A guerra da Ucrânia e as sanções econômicas multilaterais - Paulo Roberto de Almeida

 Um paper para subsidiar uma palestra-debate, no dia 21/04/2022, 16hs

 
“A guerra da Ucrânia e as sanções econômicas multilaterais”, com sumário, anexo e bibliografia. Divulgado preliminarmente na plataforma Academia.edu (link: https://www.academia.edu/77013457/A_guerra_da_Ucrânia_e_as_sanções_econômicas_multilaterais_2022_).

Palestra no Instagram: Transmissão via Instagram (21/04/2022; 16:00-17:06; link:

A guerra da Ucrânia e as sanções econômicas multilaterais 

 

Paulo Roberto de Almeida

Diplomata, professor

(www.pralmeida.org; diplomatizzando.blogspot.com)

Notas para palestra-debate, em 21/04/2022, com membros do Instituto Direito e Inovação, dirigido pelo Prof.
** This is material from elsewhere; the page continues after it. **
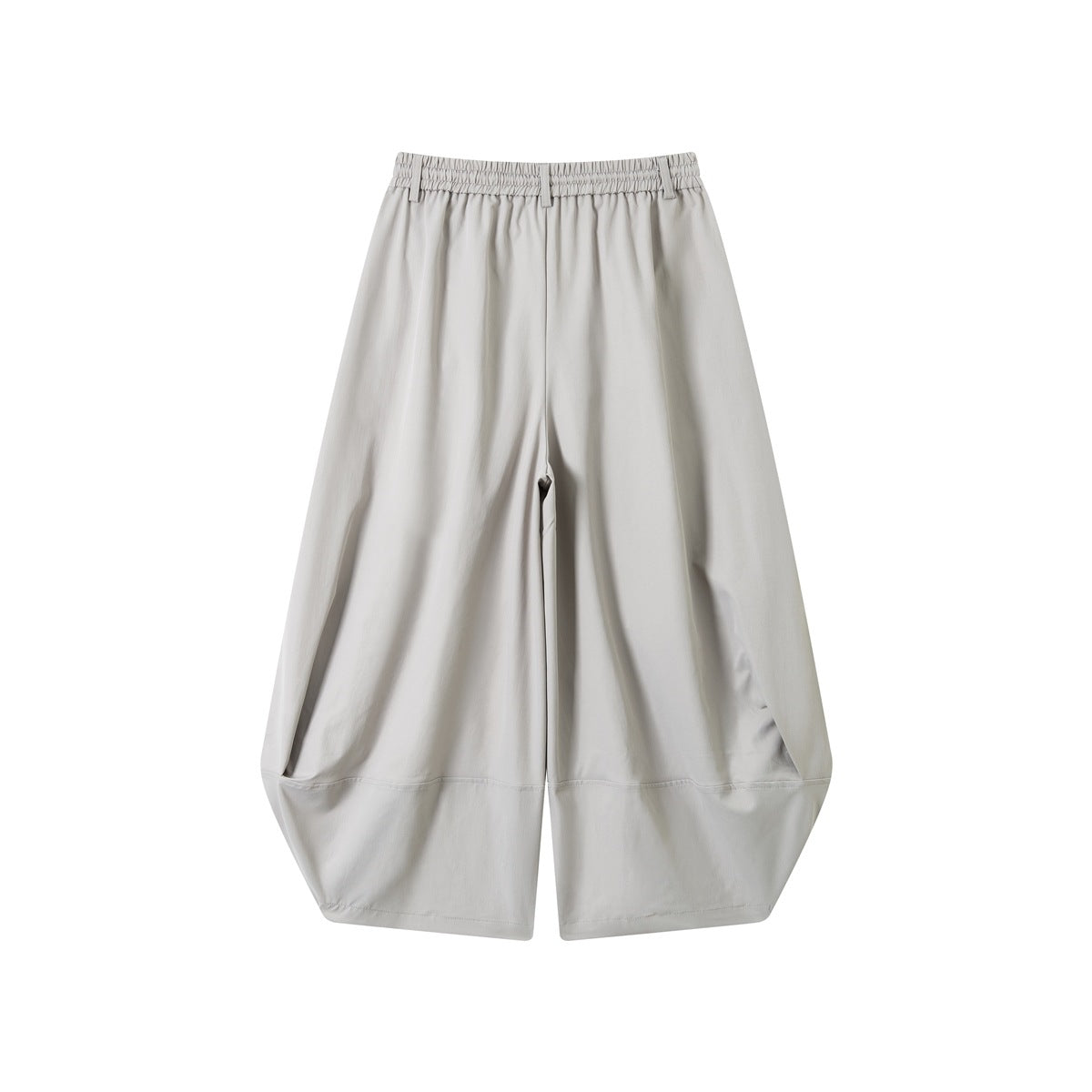 Back view of light gray wide-leg pants with an elasticized waistband and curved panel seams.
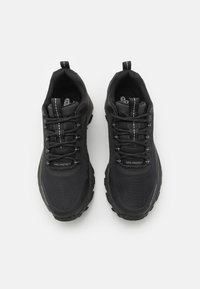 Black athletic shoes with a mesh upper, rounded toe, lace-up design, and textured rubber sole. Features reflective accents and logo detail.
Vladimir Aras (www.idinstituto.com.br), via Instagram.  

 

Sumário: 

1. Introdução: dos motivos das guerras e suas consequências

2. O custo econômico das guerras e as sanções materiais que delas decorrem

3. A agressão da Rússia contra a Ucrânia e a postura do Brasil a esse respeito

4. O paradoxo das sanções econômicas contra a Rússia

Anexo: Tabela cronológica das sanções econômicas multilaterais: Liga das Nações e Conselho de Segurança das Nações Unidas

Bibliografia de referência 

 

1. Introdução: dos motivos das guerras e suas consequências

Como diria um filósofo brasileiro, mais para a via do humorismo sarcástico, o Barão de Itararé, “as consequências sempre vêm depois”. No caso da guerra de agressão da Rússia contra a Ucrânia, elas vieram quase simultaneamente, e praticamente no mesmo ritmo da invasão das tropas agressoras, ordenadas pelo déspota neoczarista Vladimir Putin. Não foi por falta de aviso: tanto o presidente Joe Biden, dos EUA, quanto diferentes líderes da União Europeia haviam alertado, por diferentes meios, diversas vezes e de maneira insistente, que se Putin concretizasse aquilo que ela anunciava que NÃO iria fazer, mas que já estava transparente em seu planejamento pré-invasão, os países ocidentais responderiam com fortes sanções ao agressor. Putin preferiu apostar na relativa inação das sanções anunciadas, ou viu nesses anúncios uma repetição das reações moderadas adotadas quando da invasão-surpresa da península da Crimeia, em 2014, e insistiu nessa postura mesmo quando o presidente americano praticamente anunciou a invasão algumas semanas antes que ela efetivamente ocorresse. Pois então, as consequências chegaram, e elas são relevantes.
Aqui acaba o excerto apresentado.